Objective 1: Profile and QA the Data
Read in the AirBnB listings data, calculate basic profiling metrics, change column datatypes as necessary, and filter down to only Paris Listings.
- cast the date columns as datetime
- Filter the data down to rows where the city is Paris, and keep only the columns ‘host_since’, ‘neighbourhood’, ‘city’, ‘accommodates’, and ‘price’
- QA the Paris listings data: check for missing values and calculate the minimum, maximum, and average for each numeric field
Objective 2: Prepare the Data for Visualization
Produce DataFrames that will be used in visualizations by aggregating and manipulating the listings data in several ways.
- Create a table named paris_listings_neighbourhood that groups Paris listings by 'neighbourhood' and calculates the mean price (sorted low to high)

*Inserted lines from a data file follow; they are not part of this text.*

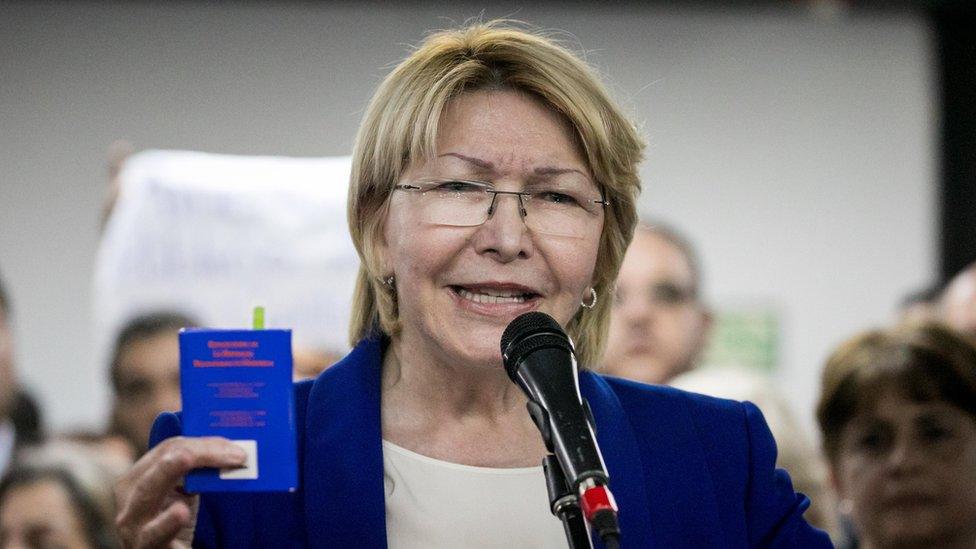 Attorney General Luisa Ortega Díaz addressing supporters on June 19, with the constitution in hand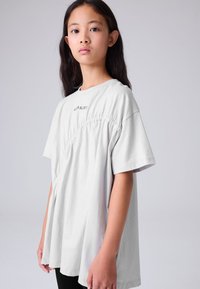 Svijetlosiva široka majica kratkih rukava, s naboranima sa strane i izvezenim tekstom na prsima. Glatka tekstura tkanine.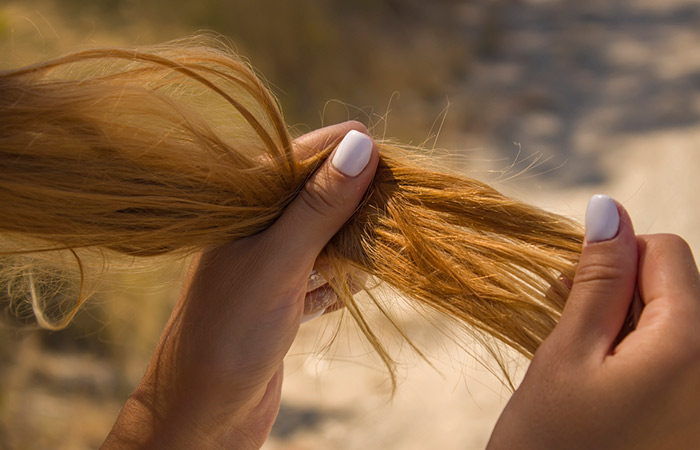 Woman holding her dry and frizzy fine hair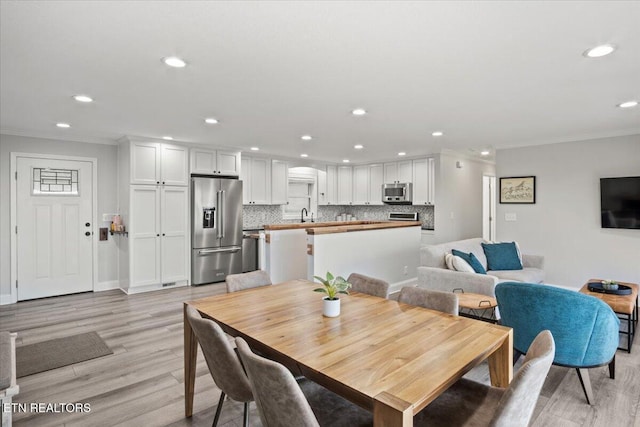 dining space with baseboards, recessed lighting, light wood-type flooring, and crown molding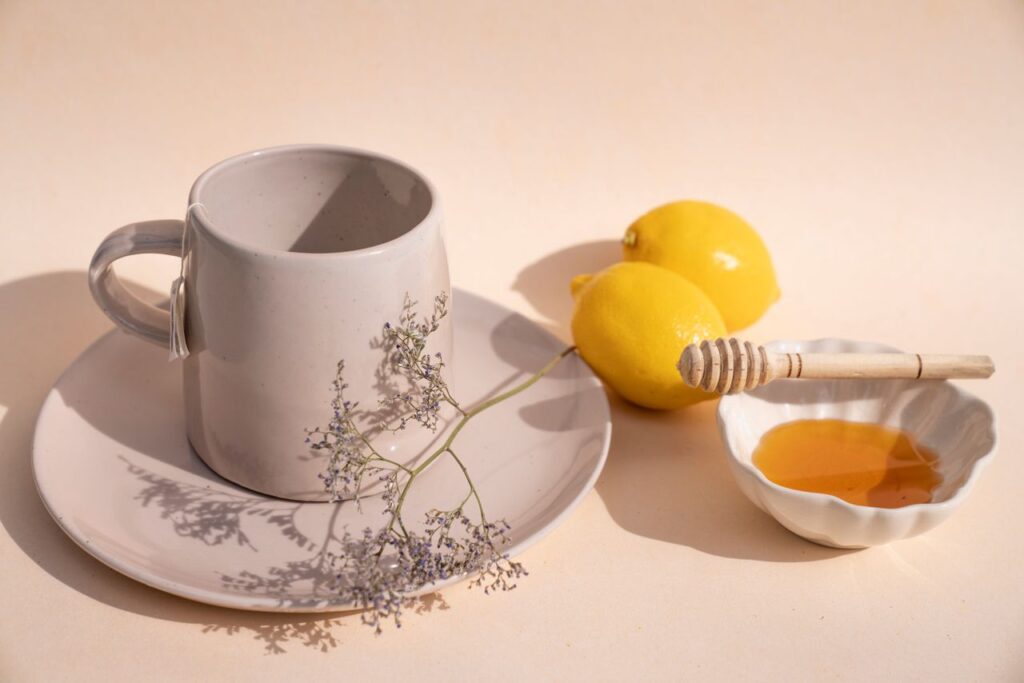 Ceramic mug on a saucer, two fresh lemons and a small bowl of honey with a honey dipper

- Create a table named paris_listings_accomodations, filter down to the most expensive neighborhood, group by the ‘accommodations’ column, and add the mean price for each value of ‘accommodates’ (sorted low to high)
- Create a table called paris_listings_over_time grouped by the ‘host_since’ year, and calculate the average price and count of rows representing the number of new hosts.
Objective 3: Visualize the data and summarize the findings
- Build visuals to show the number of new hosts by year, overall average price by year and neighborhood, and average price for various listings in Paris' most expensive neighborhood.
Based on your findings, what insights do you have about the impact of the 2015 regulations on new hosts and prices?
The regulations on new hosts caused the number of new Airbnb locations to drop and the prices of the existing ones to go back up.
Bonus:
I added an interactive map with plotly that shows each Airbnb available, its name, and neighborhood.